- Cover for reissue "More Late Nights and Long Days"

Studio album by Wizz Jones & Simeon Jones
- Released: 1993
- Recorded: 1993
- Genre: Folk, folk rock
- Label: Fellside Records
- Producer: Unknown

Wizz Jones & Simeon Jones chronology
| Live in Dublin (1991) | Late Nights and Long Days (1993) | Dazzling Stranger (1995) |

= Late Nights and Long Days =

Late Nights and Long Days is a 1993-CD album by the noted British folk musician Wizz Jones and his son, Simeon Jones. The album was recorded at Airwave Studios, London in 1989 (tracks 1, 3, 4, 7, 9, 10 and 11) and Metcalfe Studios, London in 1992 (remaining tracks).
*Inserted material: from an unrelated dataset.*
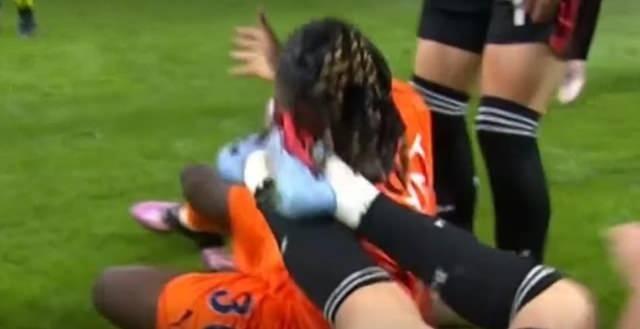 <p><strong>ORKUN KÖKÇÜ'NÜN KIRMIZI KARTI</strong><br />
<br />
Beşiktaş - Başakşehir maçında Orkun Kökçü'nün VAR uyarısıyla gördüğü kırmızı kart<br />
<br />
<strong>TFF VAR Direktörü Joao Capela:</strong> "UEFA ve FIFA için oyuncunun fiziksel bütünlüğünün korunması çok önemli. Futbolda şiddet eylemine müsaade edilmez. Kanıt ve olgusallık var. Ayağıyla beraber ekstra bir hareket yaparak rakibinin yüzüne vurdu Orkun. Bunu biz vahşice, şiddetli hareket olarak ele alıyoruz. Bu çok açık bir şekilde müdahale edilmesi gereken bir pozisyon. İki ayağını alıp döndürüyor ve yüze vuruyor. Yoğunluğu, hareketi görüyoruz, ekstra bir hareket. Bu normal bir hareket değil. İnsan orada böyle bir hareket yapmaz. Bu açık."</p>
The CD was reissued circa 2008 on Jones' private Wizzydisc label, with 2 "bonus" tracks, as More Late Nights and Long Days

==Track listing==
1. "Black Dog (Jesse Winchester)"
2. "Nathaniel" (Wizz Jones)
3. "Night Ferry" (Wizz Jones)
4. "Keep Your Lamp Trimmed and Burning (trad/Reverend Gary Davis)
5. "Two Hundred Miles Away" (Wizz Jones)
6. "Magical Flight" (Alan Tunbridge)
7. "Massacre at Beziers" (Alan Tunbridge)
8. "Mother It's Me" (Wizz Jones)
9. "Cannot Keep From Crying Sometimes" (trad/Davey Graham)
10. "Fresh as a Sweet Sunday Morning" (Bert Jansch)
11. "You Can Count On Me To Do My Part" (Mose Allison)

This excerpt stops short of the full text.